A computer-based process for generating a composite search document for use in the electronic search and retrieval of corresponding and relevant documents and/or information from an existing database or collection of electronic documents. A composite search document is created by aggregating blocks of text in an interface into a single document, which is submitted to the mathematical space of a conceptual search index or similar search engine for the purpose of performing a query and returning results.

Description

    BACKGROUND OF THE INVENTION
  • This invention relates generally to computer-based information retrieval and to user accessibility to textual material stored in computer files. More particularly, this invention relates to the creation of a composite search document to be used in such computer-based information retrieval.
  • Increases in computer storage capacity, transmission rates and processing speed mean that many large and important collections of data are now available electronically, such as via bulletin boards, mail, and on-line texts, documents and directories.
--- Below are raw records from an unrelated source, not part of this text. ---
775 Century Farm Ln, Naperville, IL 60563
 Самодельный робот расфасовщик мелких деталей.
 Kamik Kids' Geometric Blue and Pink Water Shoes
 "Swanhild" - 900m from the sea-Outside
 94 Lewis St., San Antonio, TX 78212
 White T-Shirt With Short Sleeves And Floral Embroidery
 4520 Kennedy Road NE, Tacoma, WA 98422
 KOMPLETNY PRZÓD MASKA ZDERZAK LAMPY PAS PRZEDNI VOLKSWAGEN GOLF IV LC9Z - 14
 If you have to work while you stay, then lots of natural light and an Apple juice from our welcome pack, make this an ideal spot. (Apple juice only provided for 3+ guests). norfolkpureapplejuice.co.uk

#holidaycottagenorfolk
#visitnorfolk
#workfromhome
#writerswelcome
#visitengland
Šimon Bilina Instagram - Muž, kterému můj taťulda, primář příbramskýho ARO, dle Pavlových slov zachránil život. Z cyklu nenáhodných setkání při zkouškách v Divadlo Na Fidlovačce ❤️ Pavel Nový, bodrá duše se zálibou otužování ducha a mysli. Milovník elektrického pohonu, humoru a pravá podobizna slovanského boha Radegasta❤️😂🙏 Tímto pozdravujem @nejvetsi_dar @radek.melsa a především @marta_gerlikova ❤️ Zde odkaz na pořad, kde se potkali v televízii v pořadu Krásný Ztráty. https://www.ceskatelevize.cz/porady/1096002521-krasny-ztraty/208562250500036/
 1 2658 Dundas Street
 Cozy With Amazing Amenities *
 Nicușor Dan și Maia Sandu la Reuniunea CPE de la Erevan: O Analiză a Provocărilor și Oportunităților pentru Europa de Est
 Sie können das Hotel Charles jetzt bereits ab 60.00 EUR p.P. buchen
While many of the technological barriers to information access and display have been removed, the human/system interface problem of being able to locate what one really needs from the collections remains.
  • Methods for storing, organizing and accessing this information range from electronic analogs of familiar paper-based techniques, such as tables of contents or indices to richer associative connections that are feasible only with computers, such as hypertext and full-context addressability. While these techniques may provide retrieval benefits over the prior paper-based techniques, many advantages of electronic storage are yet unrealized.
  • Documents are typically stored in a database format wherein the metadata and the content of the documents are stored in the database. Most systems still require a user or provider of information to specify explicit relationships and links between data objects or text objects, thereby making the systems tedious to use or to apply to large, heterogeneous computer information files whose content may be unfamiliar to the user.
  • Existing technologies typically involve multiple and complex steps for such computer information retrieval. U.S. Pat. No. 4,839,853 to Deerwester et al. discloses a method for computer information retrieval using latent semantic structure. Deerwester et al. describes a process for creating a searchable database of documents and information. Deerwester et al. then describes a process for processing a user query to obtain search results from the searchable database of documents and information. Deerwester et al. does not disclose new or efficient methods for generating the search queries.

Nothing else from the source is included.